08/03/10 (B541) LDDH / Faut-il prendre les armes ou baisser les bras face à des répressions Impunies sous l’œil vigilant des Chancelleries de la place ?



Le Président

COMMUNIQUE DE PRESSE DU 8 MARS 2010.

Faut-il prendre les armes ou baisser les bras face à des répressions Impunies sous l’œil vigilant des Chancelleries de la place ?

En cette Journée Internationale de la Femme, en République de Djibouti c’est le désastre pour bon nombre de Femmes djiboutiennes, qui ont vu :

– leurs logements bradés par le Chef de l’Etat,

– leurs maris constamment incarcérés, au vu et au su de tous, puisque les faits se sont déroulés à deux pas des Ambassades des Etats-Unis, du Yémen, de l’Ethiopie, de la France et de la représentation du PNUD.

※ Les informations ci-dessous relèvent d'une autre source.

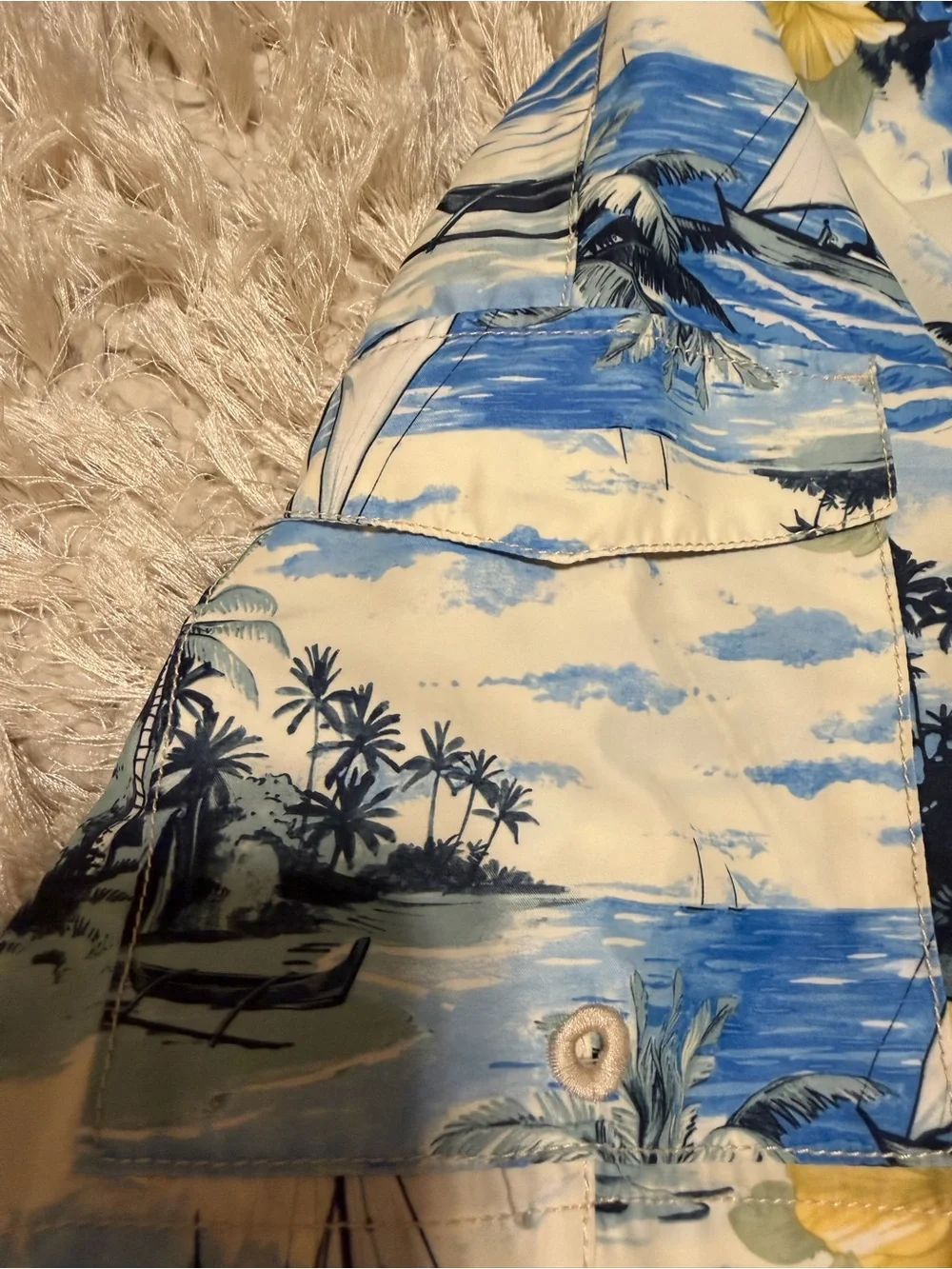 Men’s Size L Tommy Bahama Blue and White Tropical Sailboat Swim Shorts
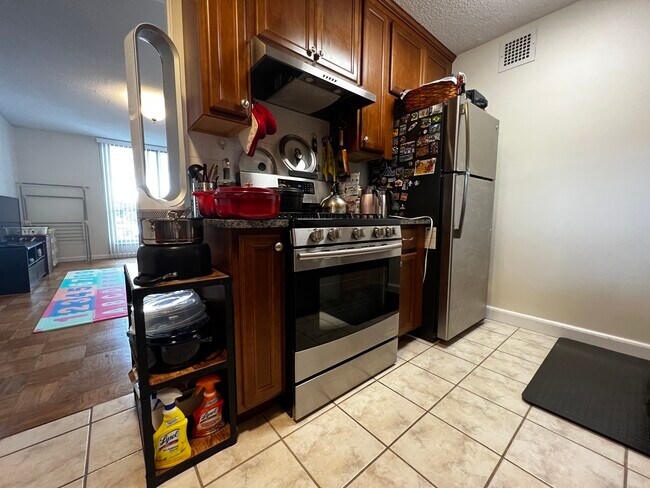 The Brook House unit 902, Brookline, MA 02445 - photo 7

La Femme Djiboutienne est confrontée, dans ce contexte, à diverses violations socio-économiques insupportables et condamnables, assimilables à des persécutions physiques et morales pires et plus vicieuses que celles que nous avions connues durant la période coloniale.

Les faits.

Samedi 6 mars 2010,
Après plus de trois mois de salaires non payés par les Autorités Djiboutiennes (alors que leurs camarades dépendant des Autorités Ethiopiennes sont payés) des Agents du Chemin de Fer ont manifesté pacifiquement. Cette action a été sauvagement réprimée. Plus d’une centaine de cheminots ont été incarcérés à Nagad pour n’être relâchés que beaucoup plus tard dans la soirée.

Dimanche 7 mars 2010,

Les cheminots ont organisé une nouvelle manifestation. Cette fois en face du Ministère des Transports à cent mètres de l’Ambassade des Etats-Unis, mais aussi à cent mètres de l’Ambassade d’Ethiopie.

Malheureusement les cheminots ignoraient que toutes les manifestations pacifiques dans cette Zone névralgique sont formellement interdites.

Reste à savoir, en vertu de quel texte juridique ?

Néanmoins, force est de constater que depuis hier dimanche 7 mars 2010 soixante quatre (64) travailleurs (sur plus d’une centaine) ont été embarqués manu militari après un tri “sélectif” réalisé, semble-t-il, sur des critères d’appartenance probablement politiques ou/et tribales.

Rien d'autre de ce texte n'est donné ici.